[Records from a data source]

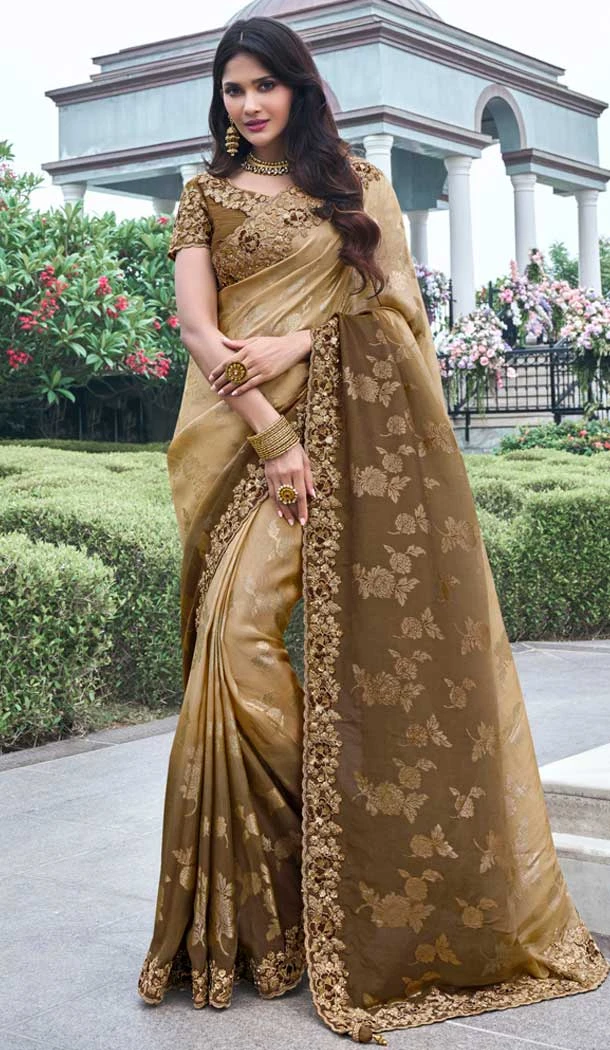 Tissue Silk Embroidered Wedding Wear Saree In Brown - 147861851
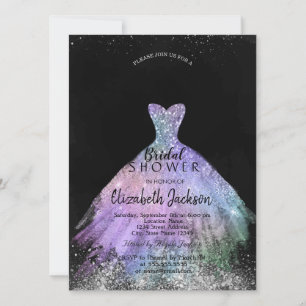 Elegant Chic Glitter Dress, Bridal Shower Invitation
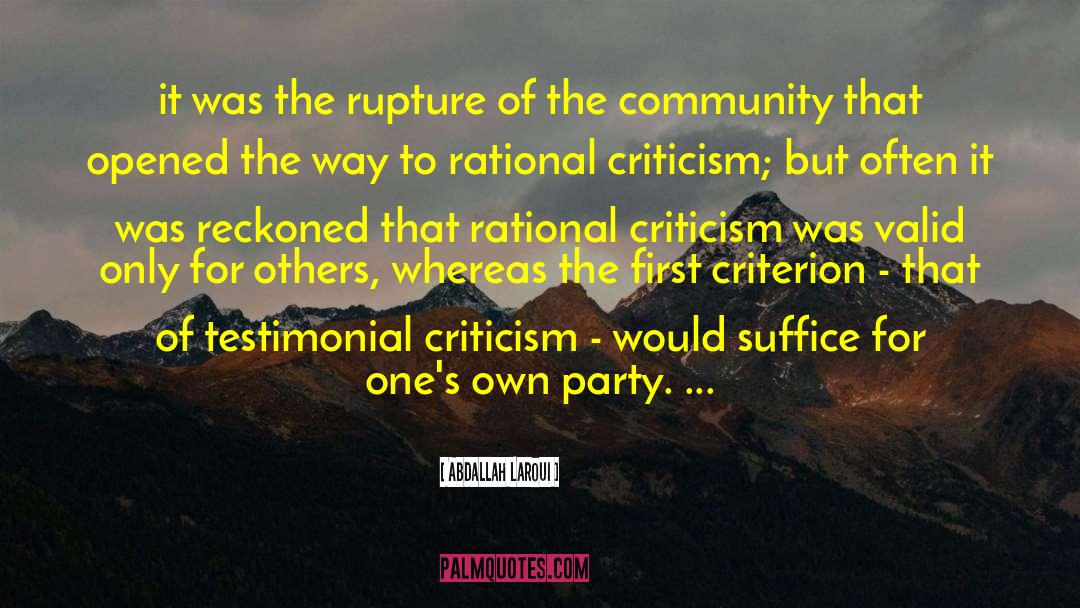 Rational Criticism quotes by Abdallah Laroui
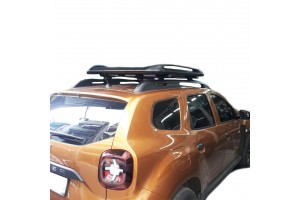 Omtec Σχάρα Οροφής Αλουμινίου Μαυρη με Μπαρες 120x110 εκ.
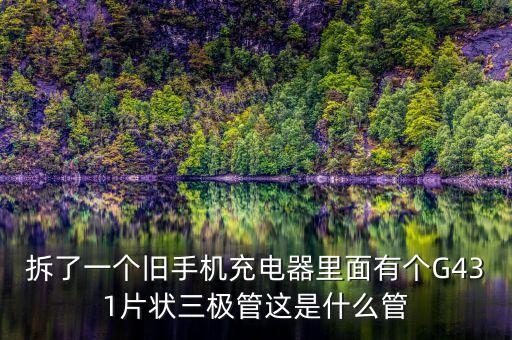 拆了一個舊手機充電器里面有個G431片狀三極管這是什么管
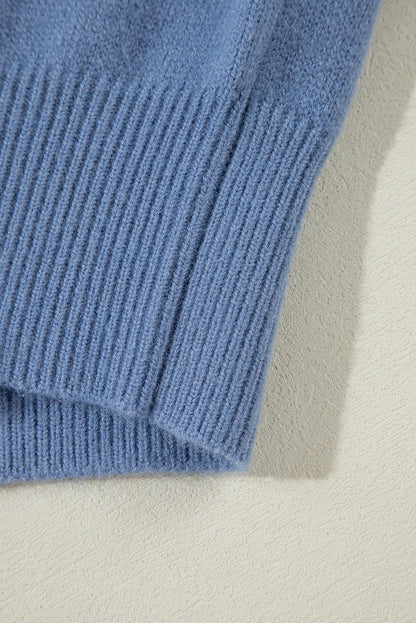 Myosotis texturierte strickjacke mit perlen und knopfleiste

→ Problem
Output, exactly and without pictures, the lines above that run from the one containing "Omtec Σχάρα Οροφής" through the last line of the entries, inclusive.

→ Response to the exercise
 Omtec Σχάρα Οροφής Αλουμινίου Μαυρη με Μπαρες 120x110 εκ.
 拆了一個舊手機充電器里面有個G431片狀三極管這是什么管
 Myosotis texturierte strickjacke mit perlen und knopfleiste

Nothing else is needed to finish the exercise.